How Fast is Wind Rider?
When NASA and the European Space Agency (ESA) launched the Cassini probe to study Saturn and its moons back in 1997, even the famed space administration noted the difficulty in reaching such a distant target.
“Unable to be launched directly to Saturn with the propulsion systems available at the time,” NASA’s mission archive site explains, “Cassini took a roundabout route to reach the ringed planet.” This route is known as a VVEJGA (Venus-Venus-Earth-Jupiter Gravity Assist) trajectory, and according to the same NASA mission archive site, “Cassini made two flybys of Venus (April 1998 and June 1999), one of the Earth (August 1999), and one of Jupiter (December 2000),” before gathering enough momentum to depart for its ultimate goal, Saturn.

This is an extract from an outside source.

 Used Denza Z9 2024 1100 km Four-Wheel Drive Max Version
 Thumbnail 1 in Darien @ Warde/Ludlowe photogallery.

It would be another four years before Cassini finally reached the ringed planet, and its companion, Huygens probe, wasn’t dropped toward Saturn’s moon Titan until 2005, nearly eight years after its launch.
“The missions to the outer solar system tend to be flagship missions, billion-dollar-plus missions that you don’t do very often,” Greason told The Debrief. “And that’s because of time and cost. You stand up this big team to design the mission, and then they have not to get laid off. They still have to be there when the mission arrives.
So missions like that take a long time and cost a lot of money. By dramatically reducing the transit time, you dramatically increase the odds of the same team being on the project when the research is ready to be done on-site.”
So, if a probe like Cassini needed close to a decade to reach Saturn, how long would Wind Rider need to surf the solar wind to the ringed planet?
“Six weeks,” Freeze told The Debrief. 
In fact, he said, his team has calculated an entire array of potential targets within the solar system and has found that pretty much each of them is reachable in a year or less. 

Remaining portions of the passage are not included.